(Data items)
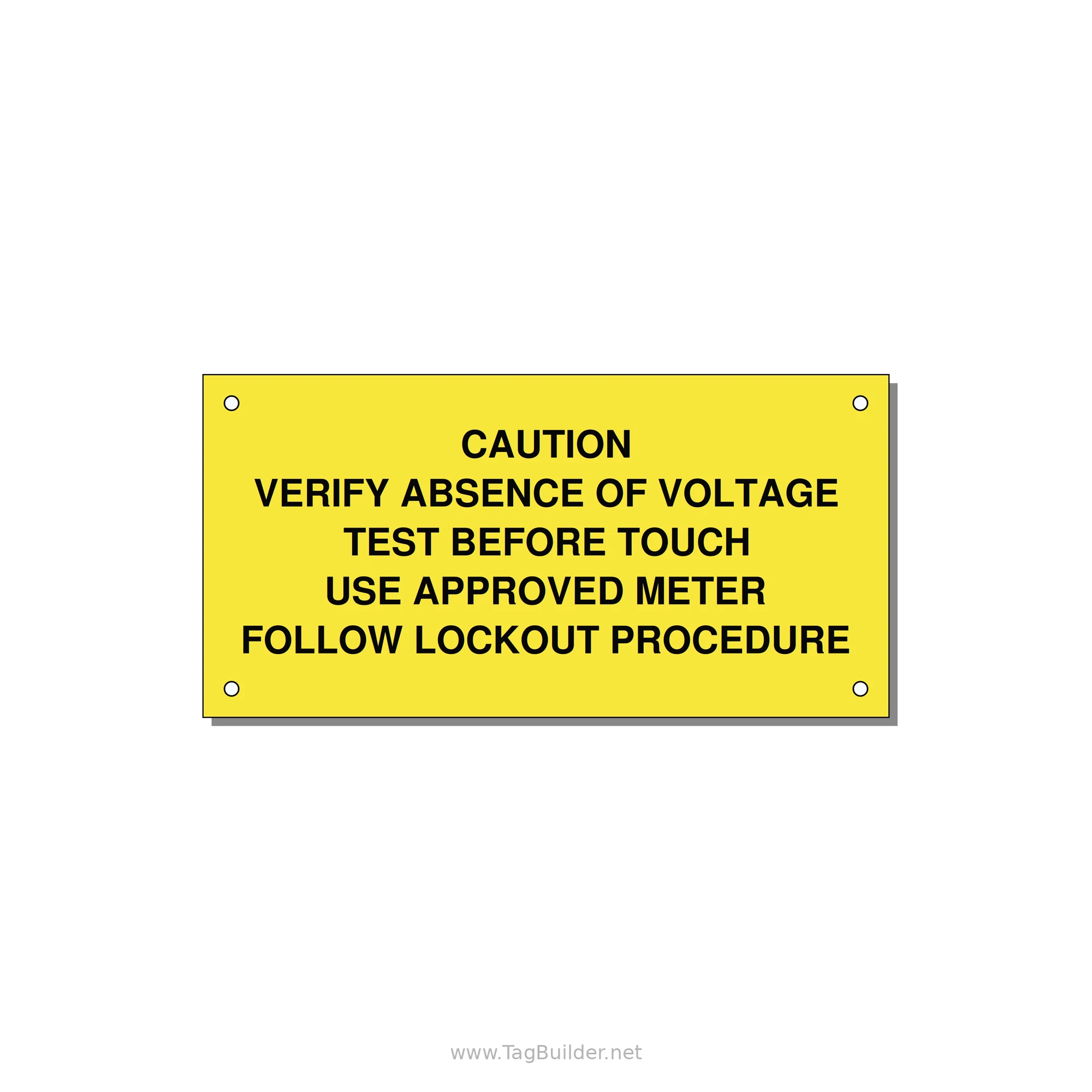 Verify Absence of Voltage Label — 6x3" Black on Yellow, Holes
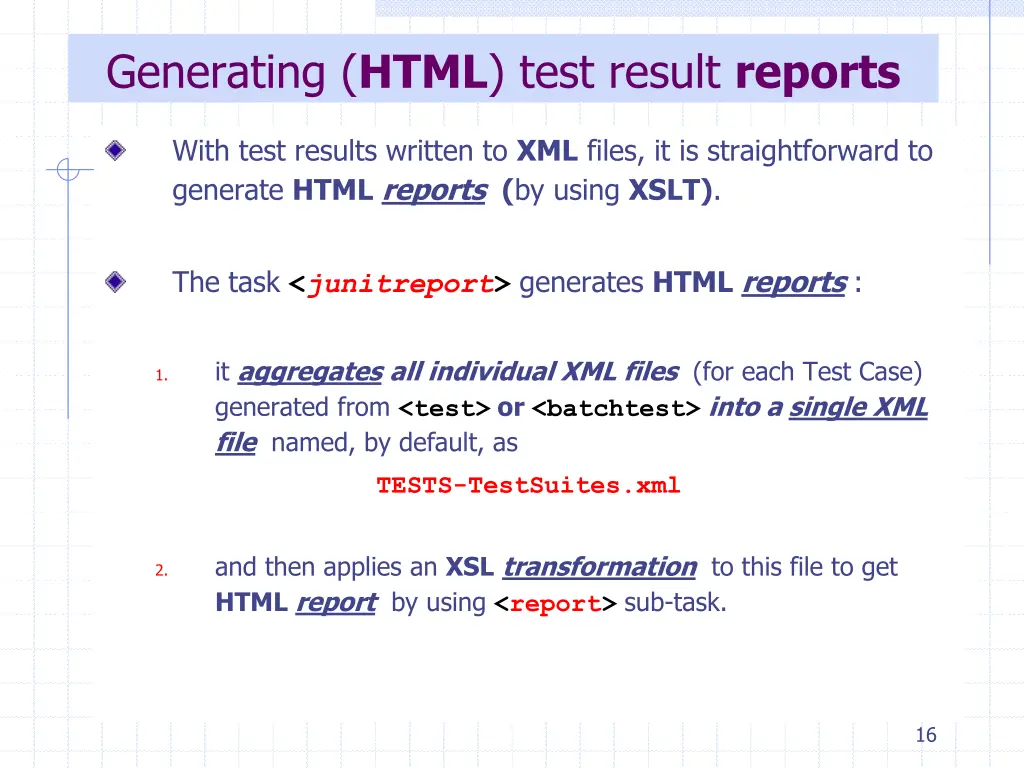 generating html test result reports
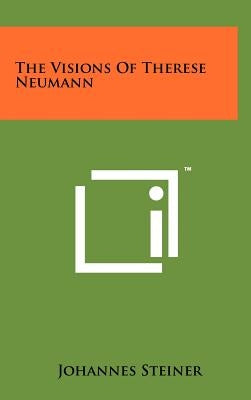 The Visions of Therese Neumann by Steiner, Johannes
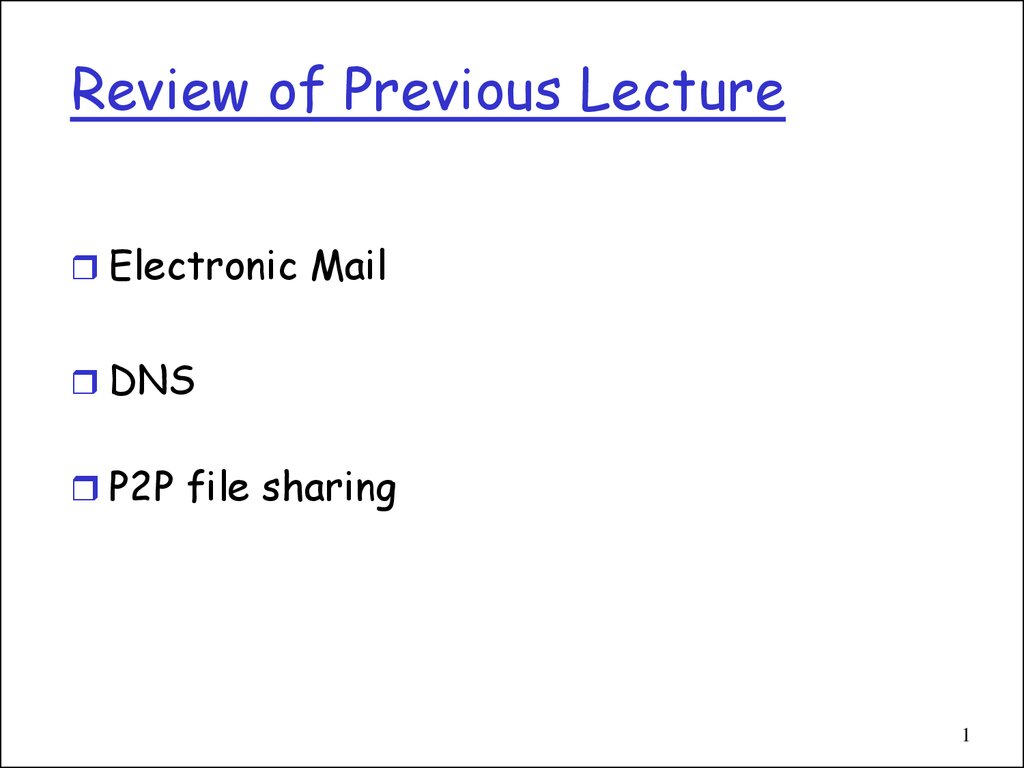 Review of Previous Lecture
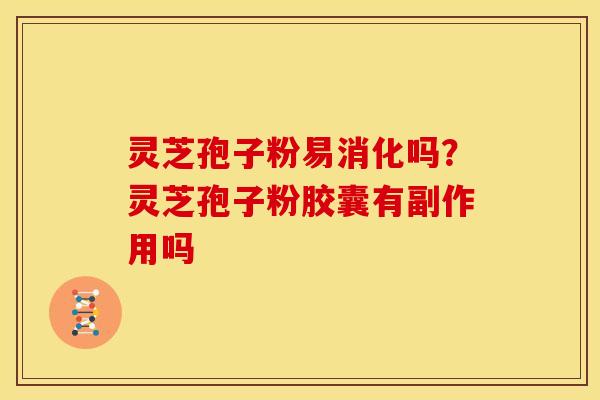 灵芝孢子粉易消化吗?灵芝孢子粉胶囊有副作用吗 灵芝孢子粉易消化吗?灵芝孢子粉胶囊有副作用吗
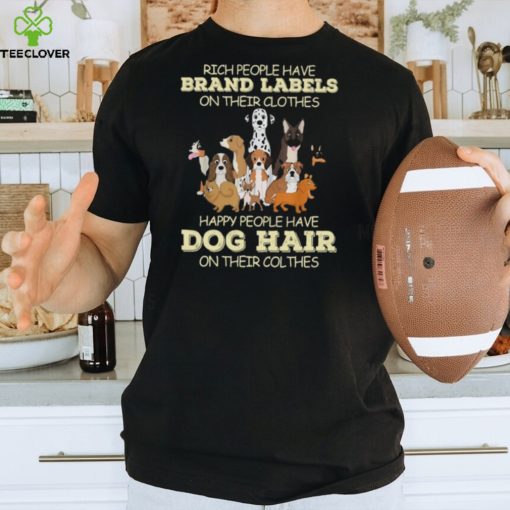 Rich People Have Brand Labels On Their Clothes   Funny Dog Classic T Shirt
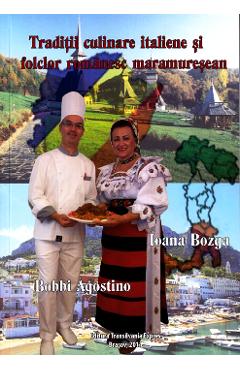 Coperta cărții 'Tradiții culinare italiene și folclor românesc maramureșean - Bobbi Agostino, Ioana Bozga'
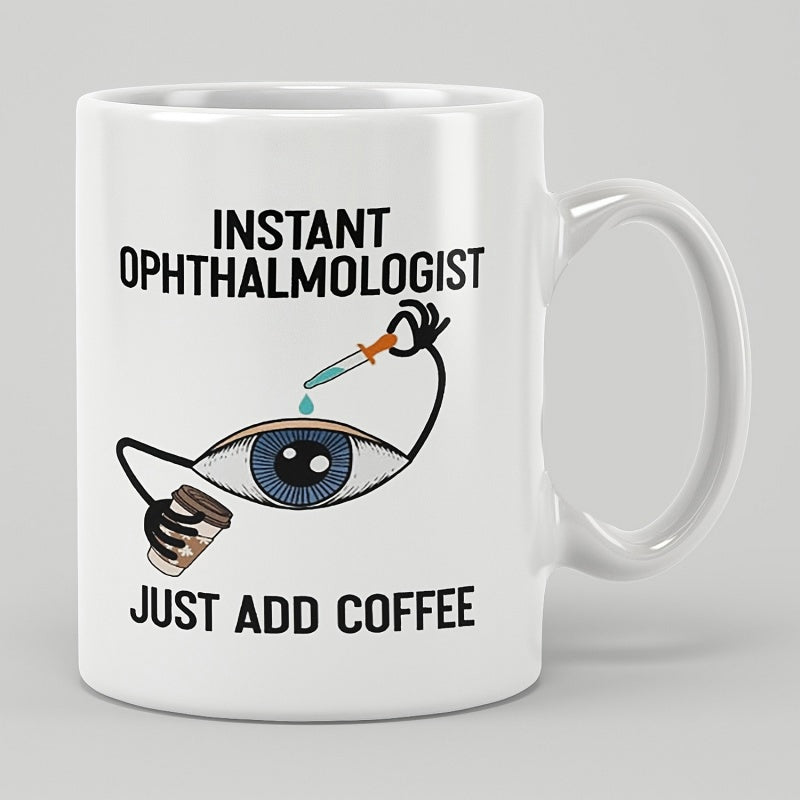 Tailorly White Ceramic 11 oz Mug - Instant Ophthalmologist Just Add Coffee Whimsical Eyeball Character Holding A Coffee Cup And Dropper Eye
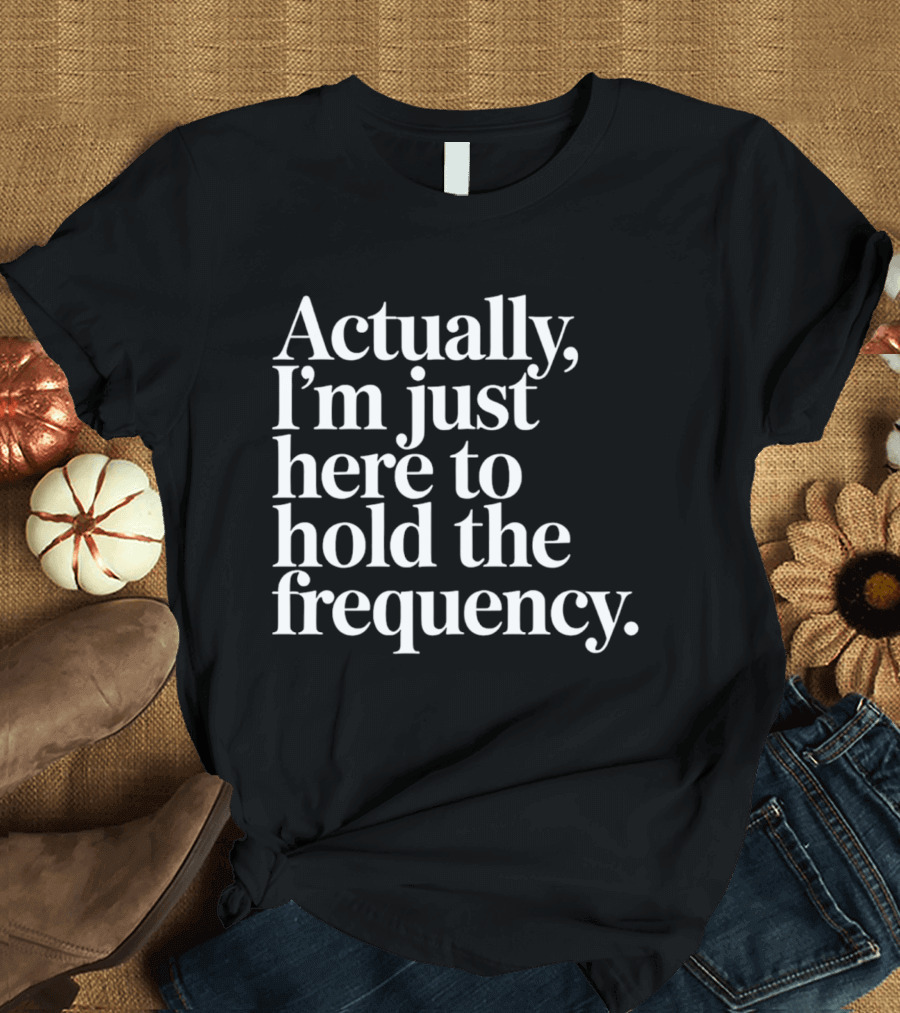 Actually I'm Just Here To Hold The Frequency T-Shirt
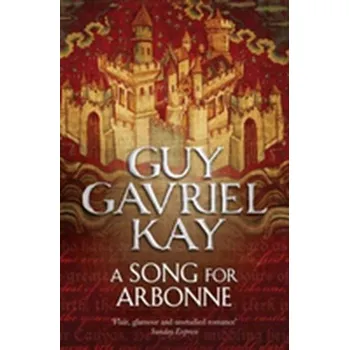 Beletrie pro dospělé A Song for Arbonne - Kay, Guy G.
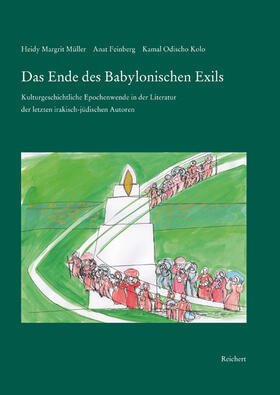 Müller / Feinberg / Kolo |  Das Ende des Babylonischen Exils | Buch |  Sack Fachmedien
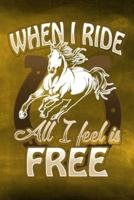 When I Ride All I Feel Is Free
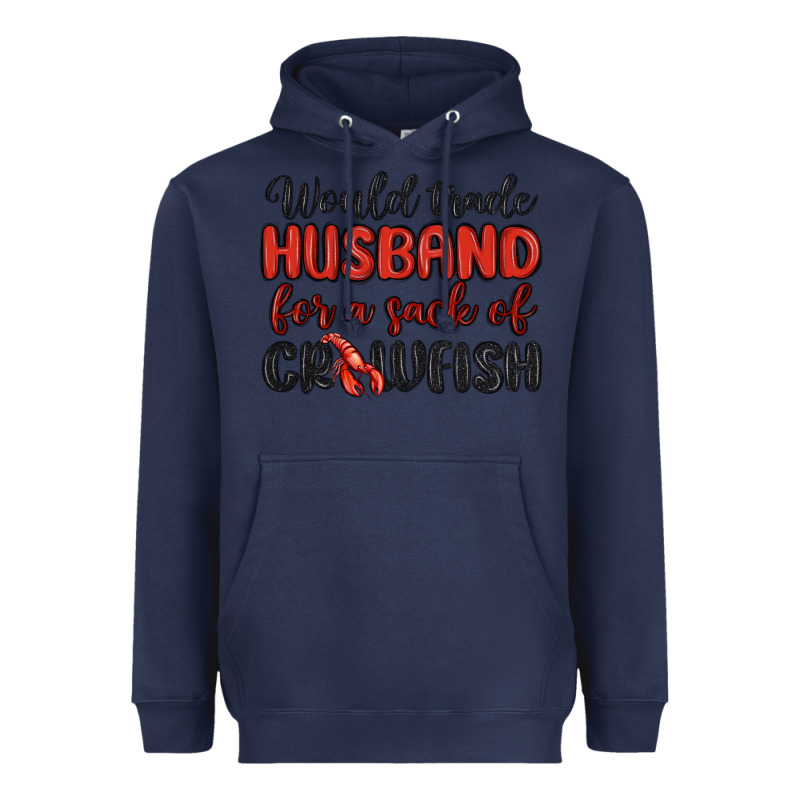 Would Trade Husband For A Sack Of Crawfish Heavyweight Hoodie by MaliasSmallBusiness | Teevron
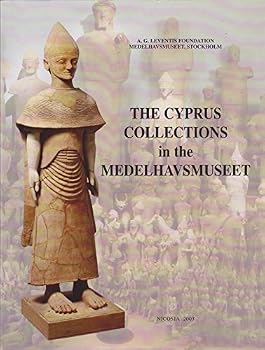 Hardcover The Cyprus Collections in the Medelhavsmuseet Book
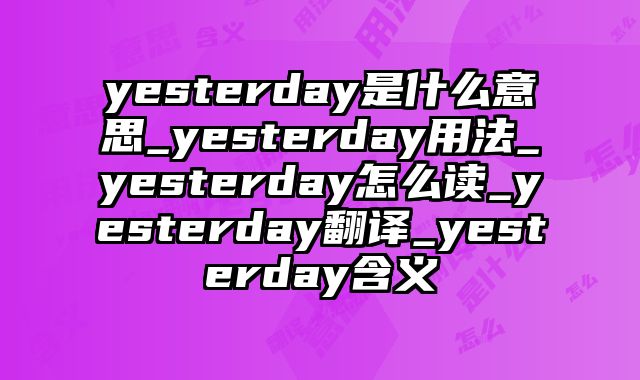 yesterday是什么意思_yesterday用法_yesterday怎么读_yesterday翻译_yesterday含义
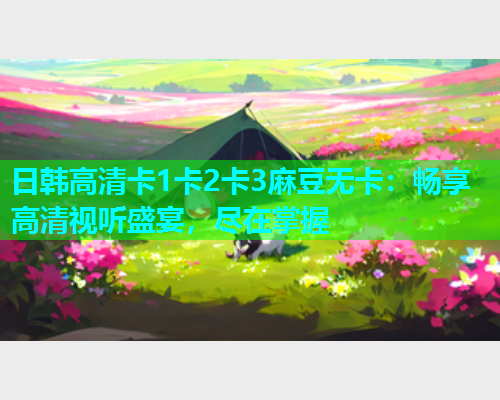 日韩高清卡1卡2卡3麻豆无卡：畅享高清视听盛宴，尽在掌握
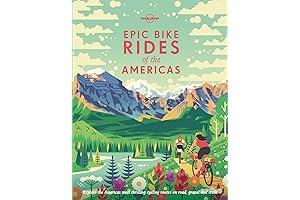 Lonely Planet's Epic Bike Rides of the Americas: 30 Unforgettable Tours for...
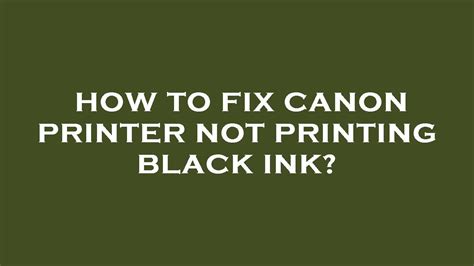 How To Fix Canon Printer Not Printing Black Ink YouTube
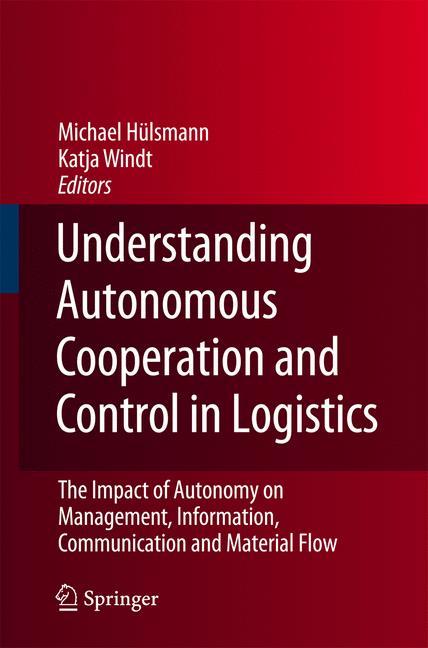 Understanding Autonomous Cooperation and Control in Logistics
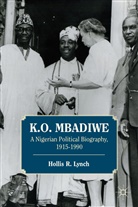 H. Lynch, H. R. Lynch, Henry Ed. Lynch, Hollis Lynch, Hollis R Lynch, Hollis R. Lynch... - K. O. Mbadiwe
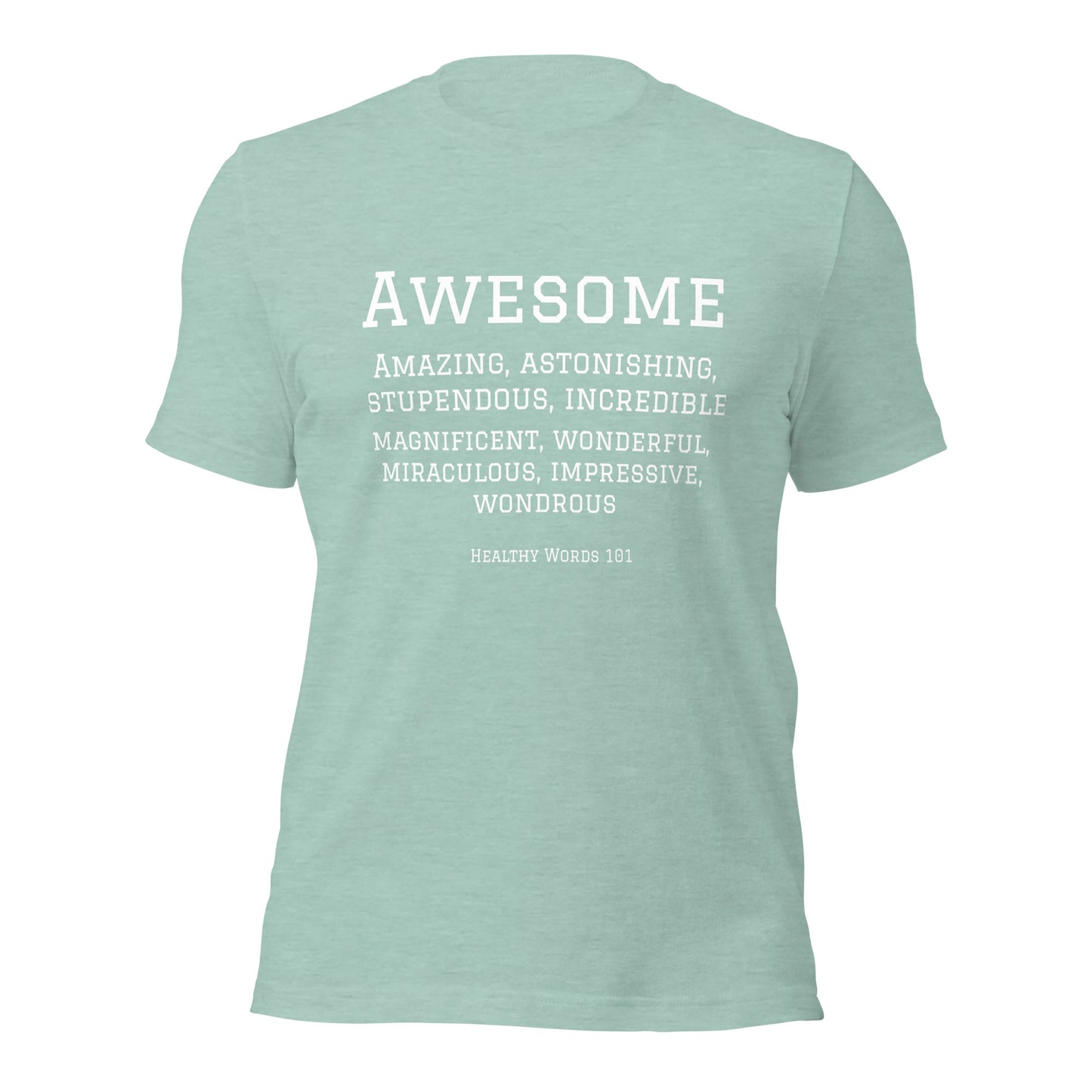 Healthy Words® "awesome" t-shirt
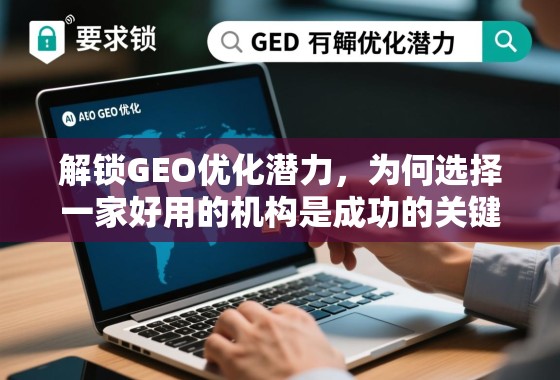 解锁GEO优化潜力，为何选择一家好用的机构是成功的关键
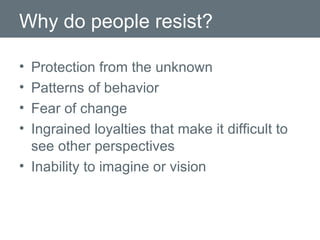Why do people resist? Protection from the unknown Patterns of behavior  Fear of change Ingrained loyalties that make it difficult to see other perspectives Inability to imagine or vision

*ASSIGNMENT*
Give the lines again exactly, beginning with the first line of the records above and ending with the line that contains "Coperta cărții 'Tradiții", and include no pictures.

*OUTPUT BELOW*
 Verify Absence of Voltage Label — 6x3" Black on Yellow, Holes
 generating html test result reports
 The Visions of Therese Neumann by Steiner, Johannes
 Review of Previous Lecture
 灵芝孢子粉易消化吗?灵芝孢子粉胶囊有副作用吗 灵芝孢子粉易消化吗?灵芝孢子粉胶囊有副作用吗
 Rich People Have Brand Labels On Their Clothes   Funny Dog Classic T Shirt
 Coperta cărții 'Tradiții culinare italiene și folclor românesc maramureșean - Bobbi Agostino, Ioana Bozga'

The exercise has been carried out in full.